Heart failure (HF) is characterized as a limitation to cardiac output that prevents the heart from supplying tissues with adequate oxygen and predisposes individuals to pulmonary edema. Impaired cardiac function is secondary to either decreased contractility reducing ejection (systolic failure), diminished ventricular compliance preventing filling (diastolic failure), or both. To study HF etiology, many different techniques have been developed to elicit this condition in experimental animals, with varying degrees of success. Among rats, surgically induced HF models are the most prevalent, but they bear several shortcomings, including high mortality rates and limited recapitulation of the pathophysiology, etiology, and progression of human HF. Alternatively, a number of non-invasive HF induction methods avoid many of these pitfalls, and their merits in technical simplicity, reliability, survivability, and comparability to the pathophysiologic and pathogenic characteristics of HF are reviewed herein.

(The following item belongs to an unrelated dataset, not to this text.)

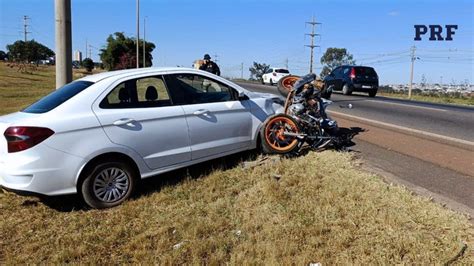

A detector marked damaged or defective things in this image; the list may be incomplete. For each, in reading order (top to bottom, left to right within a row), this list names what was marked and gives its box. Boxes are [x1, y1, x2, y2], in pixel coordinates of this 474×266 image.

crashed motorcycle [262, 74, 350, 155]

In particular, this review focuses on the primary pathogenic mechanisms common to genetic strains (spontaneously hypertensive and spontaneously hypertensive heart failure), pharmacological models of toxic cardiomyopathy (doxorubicin and isoproterenol), and dietary salt models, all of which have been shown to induce left ventricular HF in the rat. Additional non-invasive techniques that may potentially enable the development of new HF models are also discussed.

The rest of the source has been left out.